▶ **Source material**:
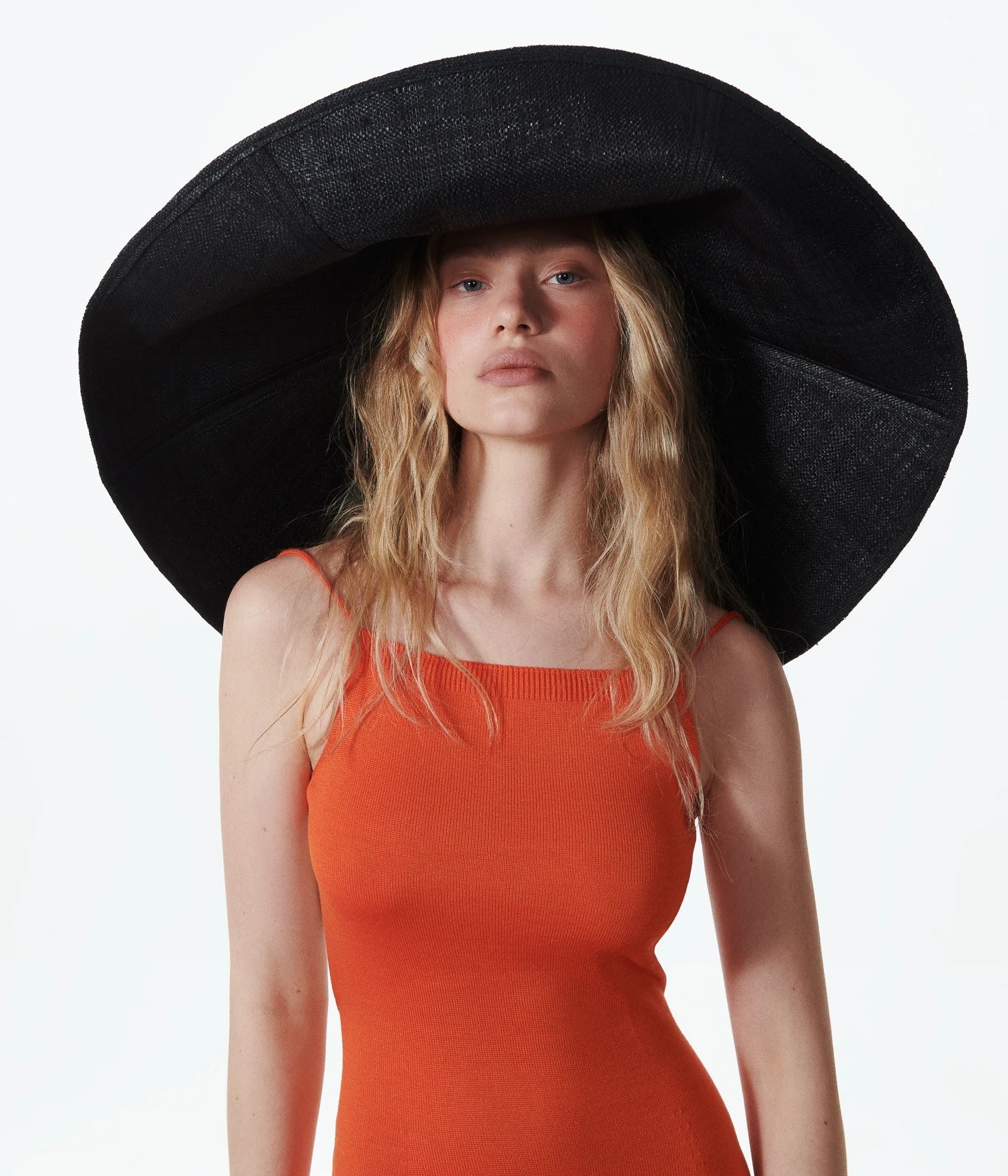 Foldable Oversized Straw Hat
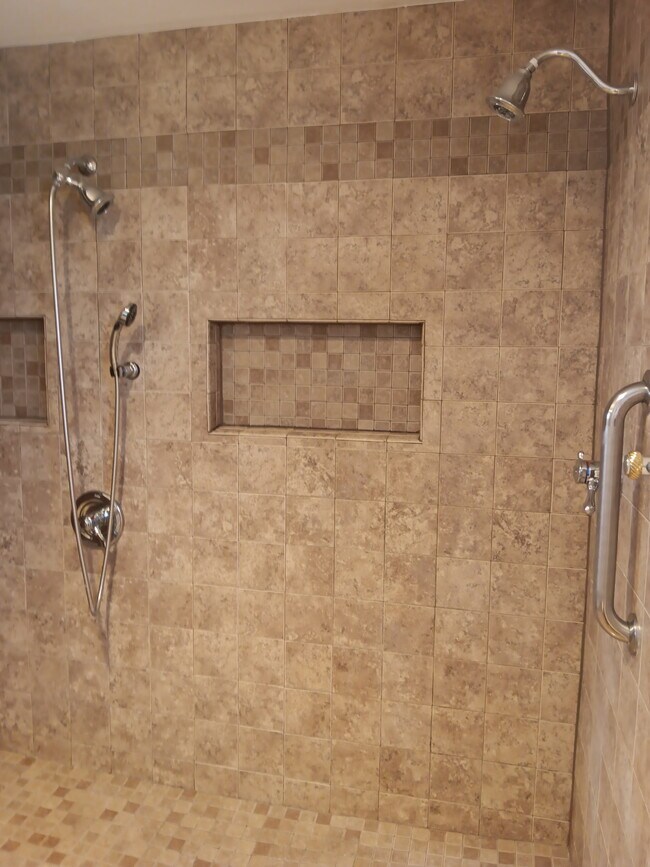 Photo - 309 Skyway Ln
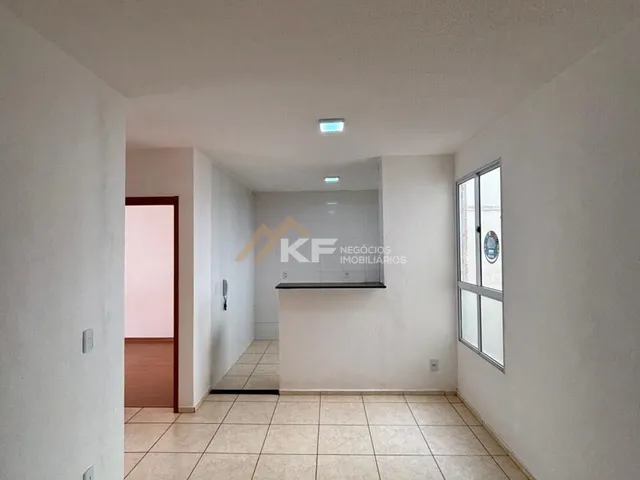Imagem: O apartamento possui 2 Dormitórios, 1 Banheiro, 1 Vaga na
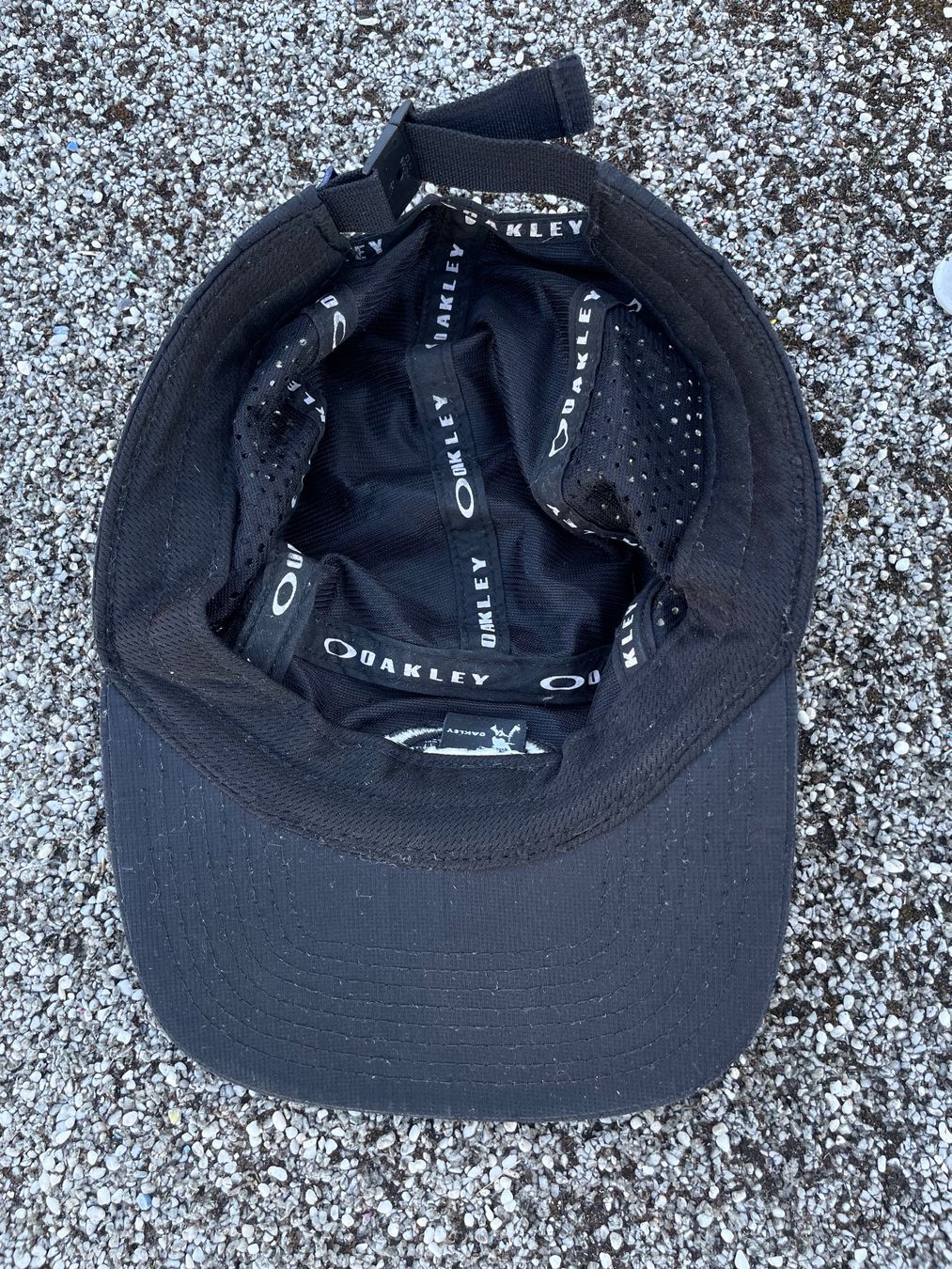 Oakley Copricapi, berretti & cappellini: Vintage Y2K Oakley 5-Panel Cap – Usato da Zürich venduto da le_souk 5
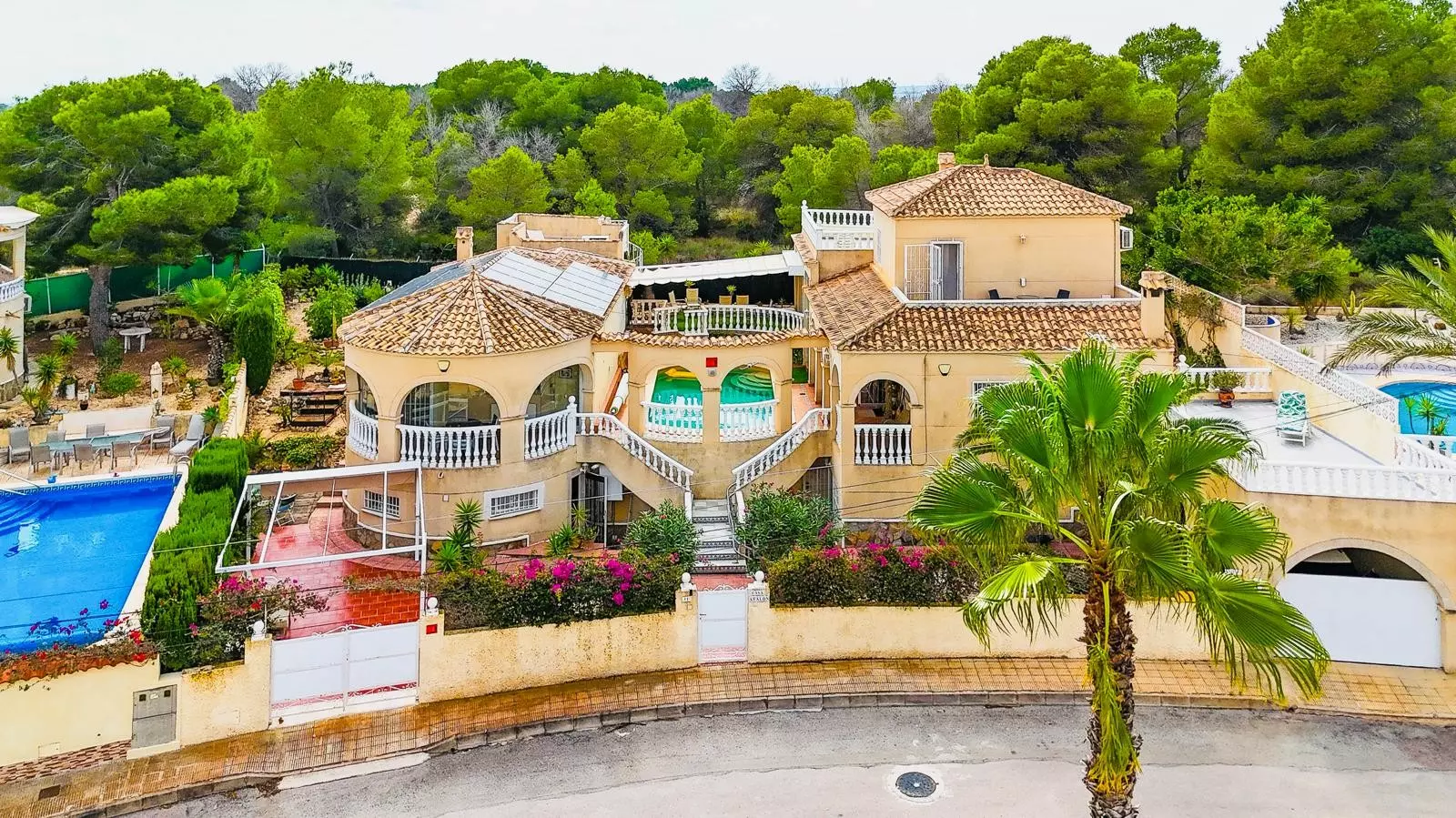 4-bedroom Villa In San Miguel De Salinas, Spain (356 M²)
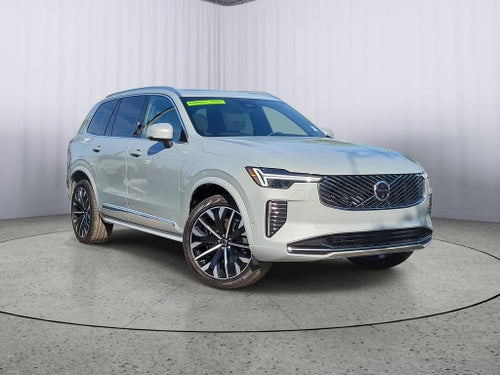 2026 Volvo XC90 Plus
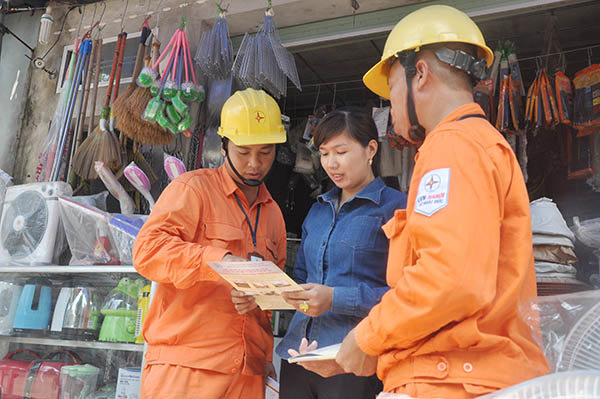 Công tác kinh doanh và dịch vụ khách hàng luôn được EVN và các đơn vị chú trọngNguồn: internet.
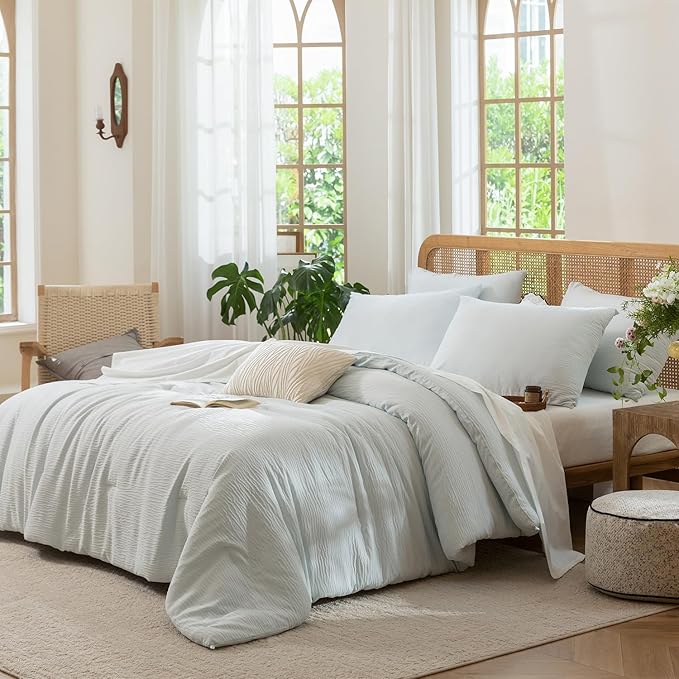 Queen Comforter Set Glacier Blue, 3 Pieces Double-Layer Crinkle Gauze Soft Bedding for All-Season Lightweight Warmth with 2 Pillowcases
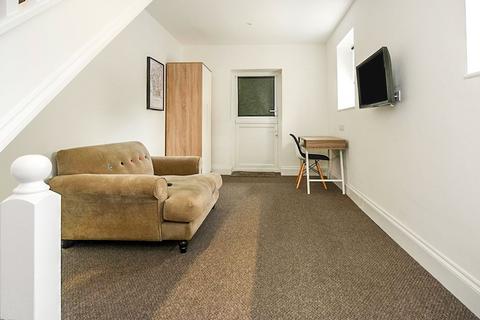 2 bedroom flat to rent, North Road East, Devon PL4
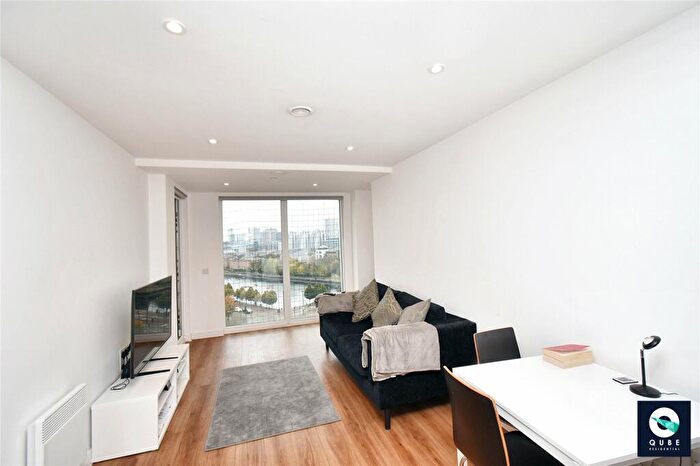 2 Bedroom Property For Sale In The Gateway, Trafford Rd, Salford, M5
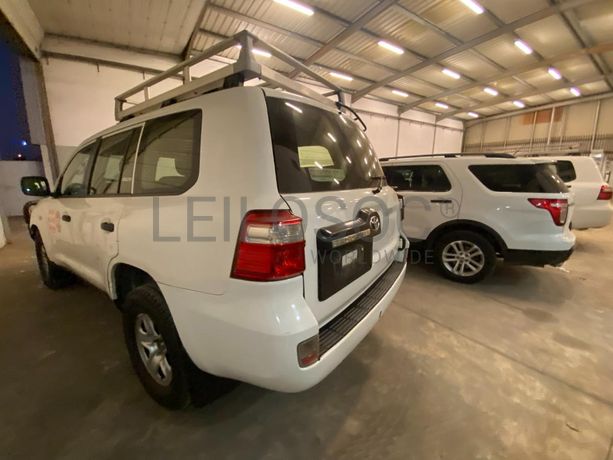 Veículo Toyota Land Cruiser ·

▶ **Requirement**: Return, exactly and without extra lines, everything from the line with "4-bedroom Villa In" through the last line of the material above, both included. Pictures must be dropped.

▶ **Answer to this problem**:
 4-bedroom Villa In San Miguel De Salinas, Spain (356 M²)
 2026 Volvo XC90 Plus
 Công tác kinh doanh và dịch vụ khách hàng luôn được EVN và các đơn vị chú trọngNguồn: internet.
 Queen Comforter Set Glacier Blue, 3 Pieces Double-Layer Crinkle Gauze Soft Bedding for All-Season Lightweight Warmth with 2 Pillowcases
 2 bedroom flat to rent, North Road East, Devon PL4
 2 Bedroom Property For Sale In The Gateway, Trafford Rd, Salford, M5
 Veículo Toyota Land Cruiser ·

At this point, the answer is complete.